Kenny tells a story of how, when she was 19, she spoke bluntly about the abrasive atmosphere which affected GB’s team pursuit squad in 2011. Six women were fighting for three places at London 2012 and the teenager decided that she had had enough of teammates swearing at each other and battling for themselves individually rather than working as a team.
“There were some training sessions where people would be shouting all sorts,” Kenny recalls. “I didn’t like that environment. I just said: ‘I’m not having people talk to me like that.’ So I spoke to Paul Manning [their coach] and to Steve Peters [then the sports psychiatrist at British Cycling]. It led to a team meeting and it’s hard sitting in a room with seven other people and you say: ‘I don’t like the way you’re speaking to me.’ And then someone else would be like: ‘Well, I don’t like the way you commit to our training sessions’. But airing our differences helped us so much. The team was in a much better place afterwards [and won gold in London].”
That resolute commitment to speaking openly underpinned Kenny’s storied career. But, surely, she feels some regret that she will now be talking about others battling for Olympic supremacy rather than competing for more medals herself? “No,” she exclaims. “There’s not been one day where I’ve thought: ‘A part of me wishes I could still be out there on my bike.’ When you want something so badly, and you get it, you find peace.
“Once Monty was born it was such a relief he was here. I did start training again and I was jealous of the grandparents looking after him. I thought: ‘Why am I doing this to myself? Why am I not just enjoying him?’ Jason and I spoke about it. Should I keep riding? Do I want to do it? Blah-blah-blah. But once I decided I’d be a lot happier looking after Albie and Monty at home I rang my agent. It seemed a really big deal and I was like: ‘I don’t know how to voice this.’ But I told him straight and he said: ‘OK, cool.’ From that call I thought: ‘OK, job done.’”

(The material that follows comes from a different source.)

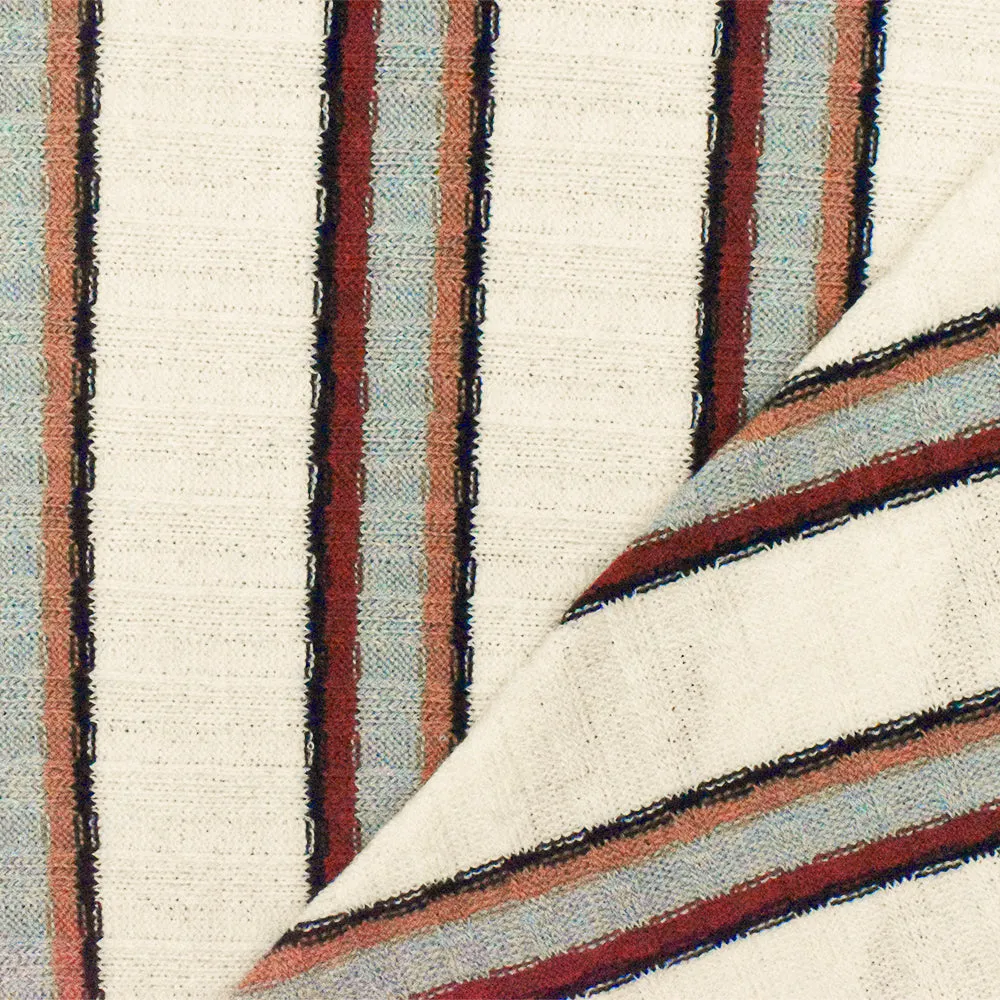 Off White-Red-Multi Stripe Stretch 5X4 Rib Knit Fabric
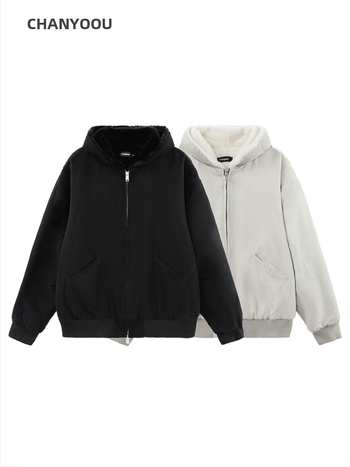 Geacă bărbătească din bumbac cu căptușeală fleece, cu glugă, croială largă, fermoar, iarnă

Kenny laughs in delight, as, since her retirement was announced in March, she has been able to concentrate on her family. Her two boys will accompany her, Jason and various grandparents to Paris and she sounds enthused by everything that awaits. For the next hour she talks in compelling detail about all that she wants to watch and write about in her new Guardian column – from her belief that GB can win a historic number of medals to her interest in the comebacks of Adam Peaty and Tom Daley to the prospects of Finucane and the young track cycling sprinters coached by her husband. She will take a day off so that she and Albie, who is seven, can watch Bryony Page try to add to the silver and bronze she won in trampoline gymnastics in Rio and Tokyo.
Kenny offers fascinating behind the scenes details of her past Olympic experiences and how she can use those to help people understand what it takes to win gold, and how it feels before, during and after a momentous race. But which was her sweetest Olympic victory?

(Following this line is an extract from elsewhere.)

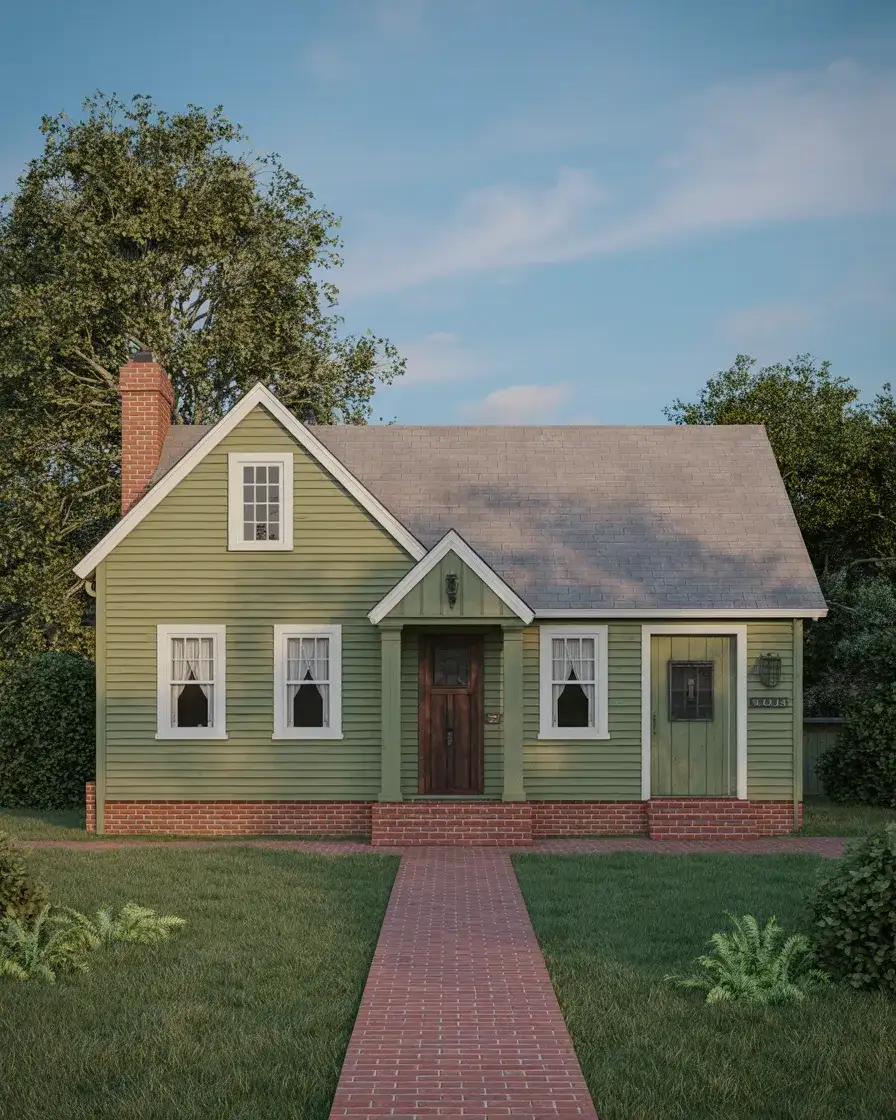 Olive Green with Brick Details 2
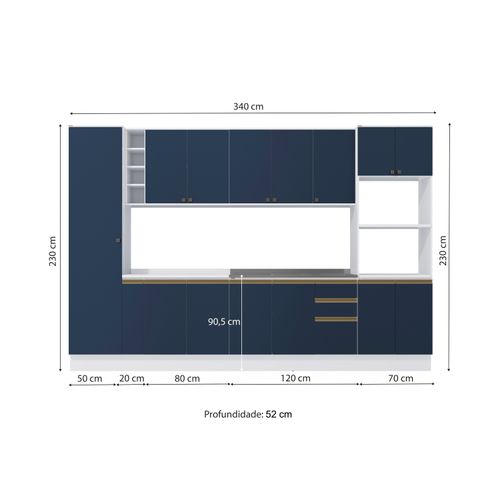 Cozinha Modulada Celeste Kappesberg 100% MDF Branco/Azul 340cm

“My favourite Olympics was London 2012 but the sweetest medal was the last gold I won [in the Madison in 2021] because Katie Archibald and I put so much work into that race. The fact that you go in with a plan and it works to a T doesn’t happen very often, trust me.”
Kenny is convinced Archibald could have won three golds in Paris had she not broken a leg in two places last month after tripping in her garden. She went to see Archibald recently and was relieved to find her great friend in an upbeat mood. “I told her that she’d still be on my team in Paris as I’d take a one-legged Katie Archibald over anyone,” Kenny says with a smile.
Instead, Archibald will work on a complete recovery while Kenny focuses on commenting and writing about the Olympics in Paris. “I am really looking forward to it,” she says of the columns she will write for the Guardian. “I’ll be great to express my point of view, in my own words, and give a little insight into the Olympics. I want to shine some light on what the athletes are doing in Paris and, of course, I want to tell it just as I see it.”